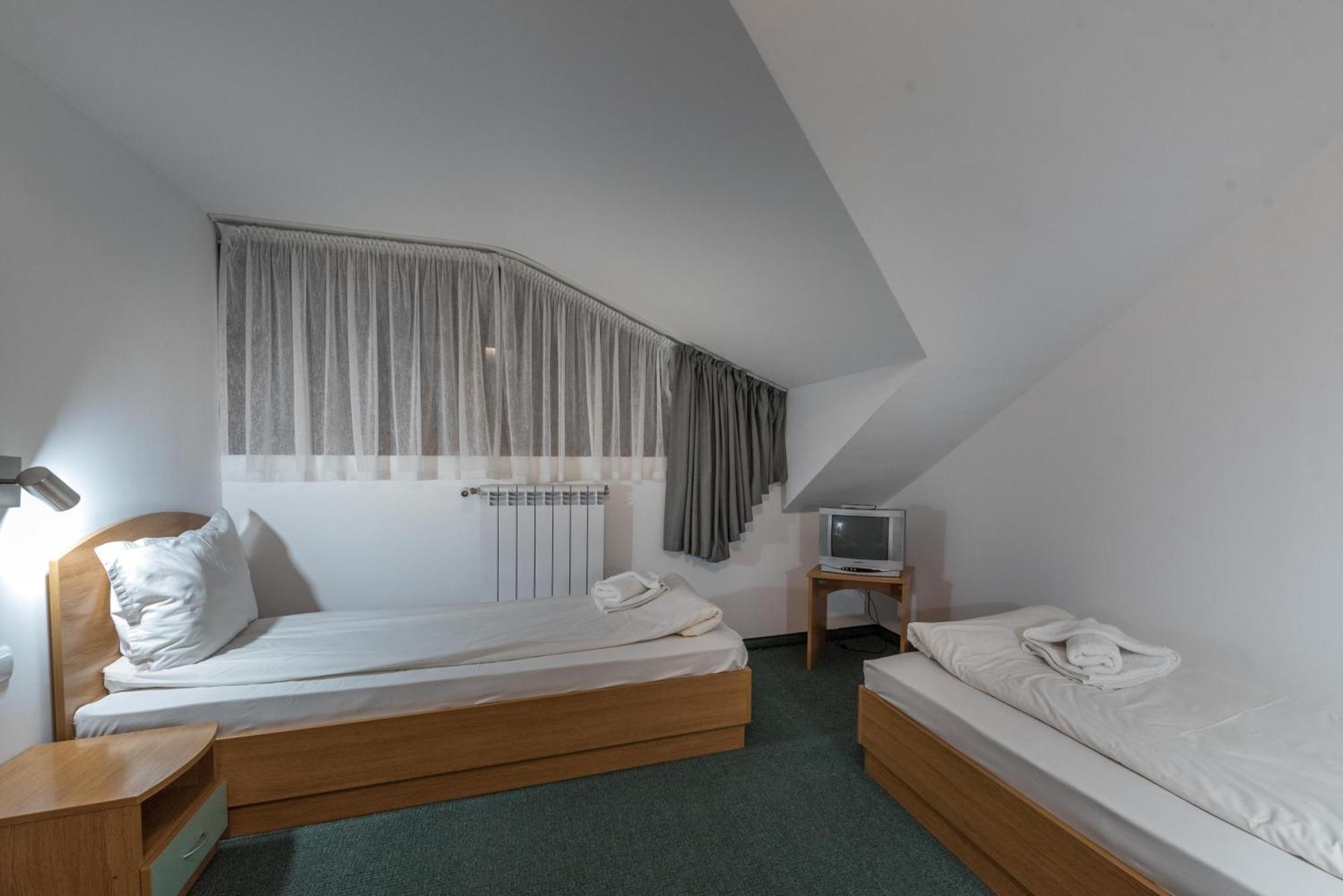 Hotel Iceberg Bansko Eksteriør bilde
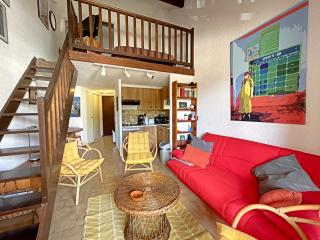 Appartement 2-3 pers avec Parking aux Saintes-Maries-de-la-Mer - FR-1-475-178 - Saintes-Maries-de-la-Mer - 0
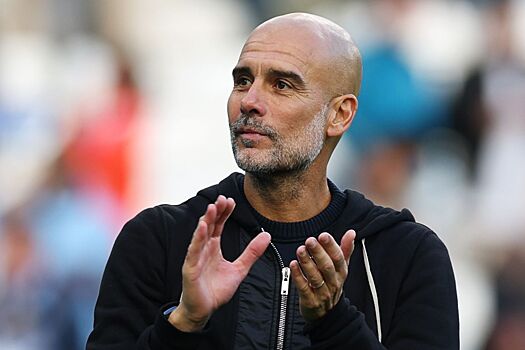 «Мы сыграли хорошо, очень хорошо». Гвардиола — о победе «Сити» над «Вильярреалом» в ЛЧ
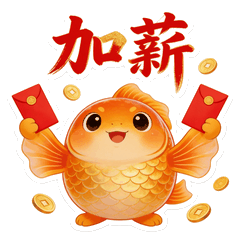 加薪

Instructions to follow: Repeat the listing above verbatim, but exclude the pictures it contains.

Answer for the task:
 Hotel Iceberg Bansko Eksteriør bilde
 Appartement 2-3 pers avec Parking aux Saintes-Maries-de-la-Mer - FR-1-475-178 - Saintes-Maries-de-la-Mer - 0
 «Мы сыграли хорошо, очень хорошо». Гвардиола — о победе «Сити» над «Вильярреалом» в ЛЧ
 加薪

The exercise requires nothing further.